The Open Archives Initiative Protocol for Metadata Harvesting Version 2.0 (OAI-PMH v2), an emerging standard for metadata harvesting across a network, allows the CONTENTdm server to function as an OAI repository, making a collection’s metadata available for harvesting.

“This is another step in our ongoing efforts to transform WorldCat from a bibliographic database and online union catalog to a globally networked information resource of text, graphics, sound and motion,” says Phyllis B. Spies, Vice President, OCLC Worldwide Library Services. “The automatic harvesting of metadata for digital objects from CONTENTdm servers will give searchers of WorldCat access not only to the description of the digital object, but links to the objects themselves.”

Institutions using CONTENTdm see the WorldCat link as a means to getting more exposure for their special collections and unique items of interest to information seekers worldwide.

“We have used CONTENTdm to put a large, diverse and valuable set of digital collections online within the University of Washington Libraries,” says Lizabeth Wilson, director of University Libraries, University of Washington, and a member of the OCLC Board of Trustees. “The new WorldCat-CONTENTdm link is very exciting because it provides global access to our collections in the context of the leading library information discovery system—WorldCat.”

OCLC is the exclusive distributor to libraries of CONTENTdm, an easy-to-use software solution that helps institutions organize a variety of digital materials, including photographs, maps and historic documents. Developed by the Center for Information Systems Optimization Laboratory and University Libraries at the University of Washington, CONTENTdm was licensed to DiMeMa Inc. (Digital Media Management) in early 2001 to provide support for the rapidly growing community of CONTENTdm users.

Visit these CONTENTdm collections

Digital Library of Appalachia Members of the Appalachian College Association are contributing materials from their archives and special collections to capture and share electronically the history and complexity of the Appalachian culture. Photographs, artwork, audio recordings, letters, manuscripts, books, pamphlets and images of realia comprise the digital library.

International Poster Collection The International Poster Collection holds poster entries from the ninth through twelfth (1995-2001) Colorado International Invitational Poster Exhibitions (CIIPE).

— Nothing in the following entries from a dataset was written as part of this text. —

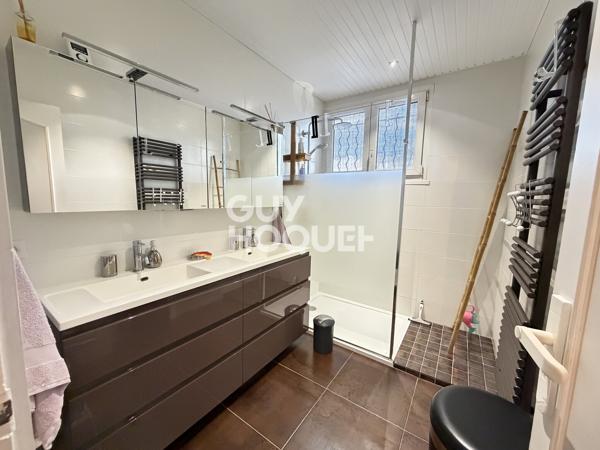 Maison à vendre de 8 pièces de 204.36 m²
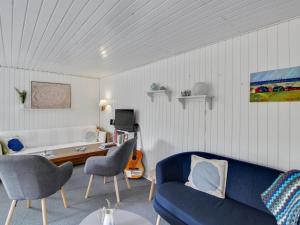 Holiday Home Cristina - from the sea by Interhome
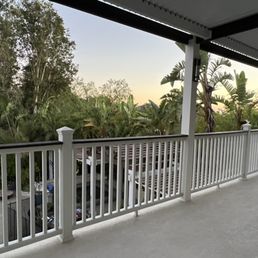 Look at how seamless Ramil attached the Trex railing to the aluminum post. Excellent work. Look at how seamless Ramil attached the Trex railing to the aluminum post. Excellent work.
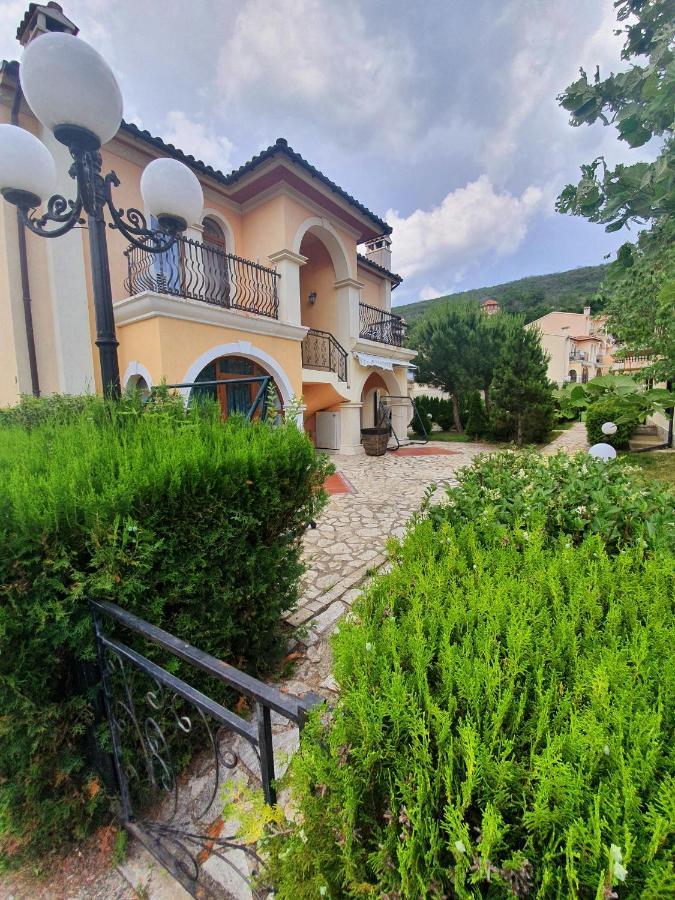 Elenite Private Apartments Exterior foto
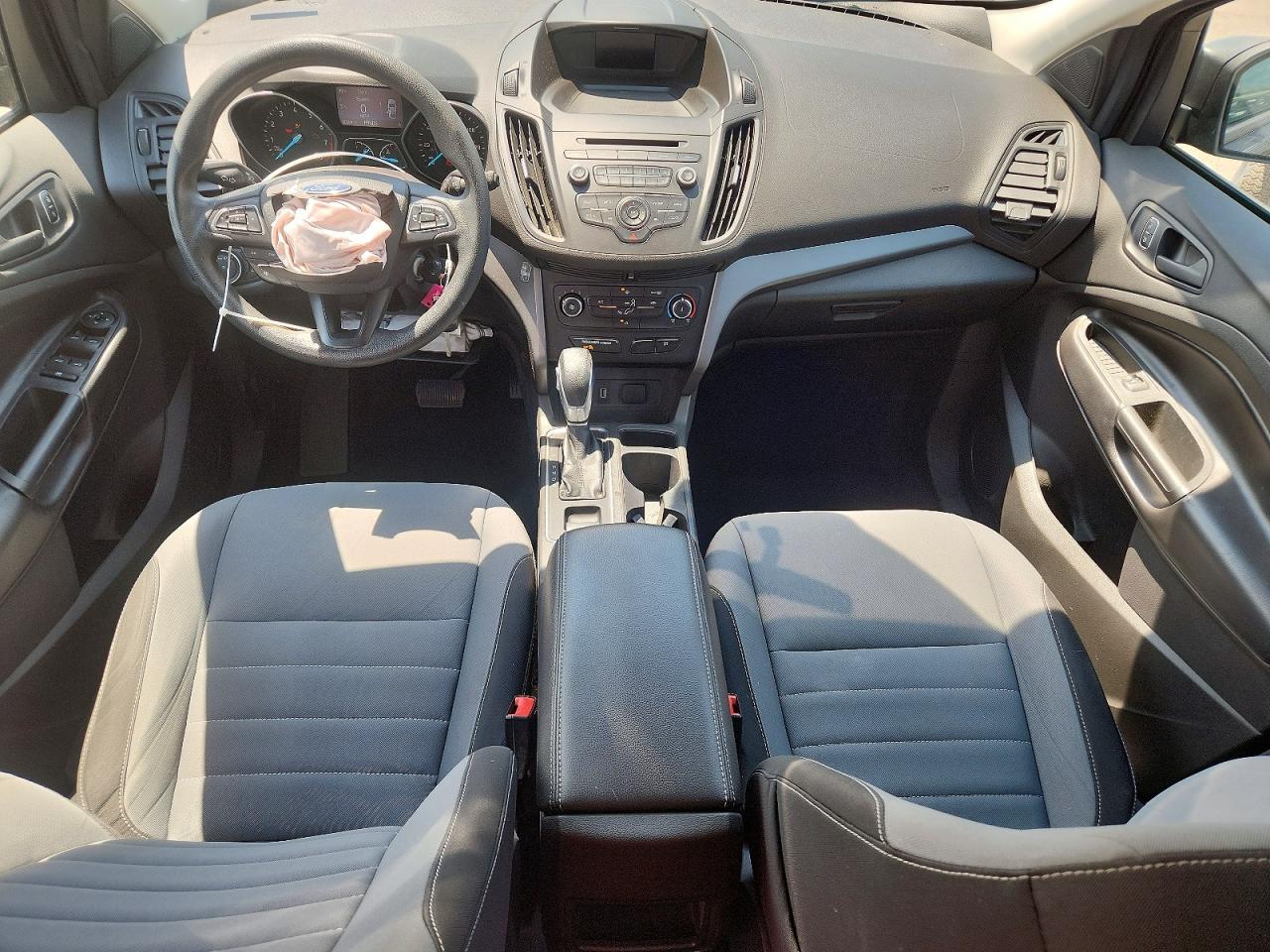 Ford Escape S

Teaching with Digital Content Funded by a grant from the Institute of Museum and Library Services, this collection is part of a pilot program to integrate digital primary source materials into K-12 curriculum, and into the educational programs of museums and libraries. The collection currently contains images, posters, documents, maps and stereo cards on a variety of subjects including World War II, Westward Expansion, Farming and Abraham Lincoln.

Early Washington Maps Nearly 400 maps offer rich insight to 300 years of Pacific Northwest history in this collection. Users may zoom in and out of an image to view more detail or work with a full resolution version after downloading the MrSID® viewer.

Postcards of Cleveland A comprehensive collection of Cleveland postcards, numbering nearly 8,000 with the earliest dating from 1898. The collection belongs to Walter Leedy, a Professor of Medieval Art, Architecture and Urbanism at Cleveland State University.

Roslyn Black History Through Open Eyes: 95 Years of Black History in Roslyn, Washington, a collection sponsored by the Ellensburg Public Library and supported by a grant from the Washington Commission for Humanities, chronicles the cultural history of the former mining town of Roslyn, Washington. This new e-resource is part of the library’s local history collection.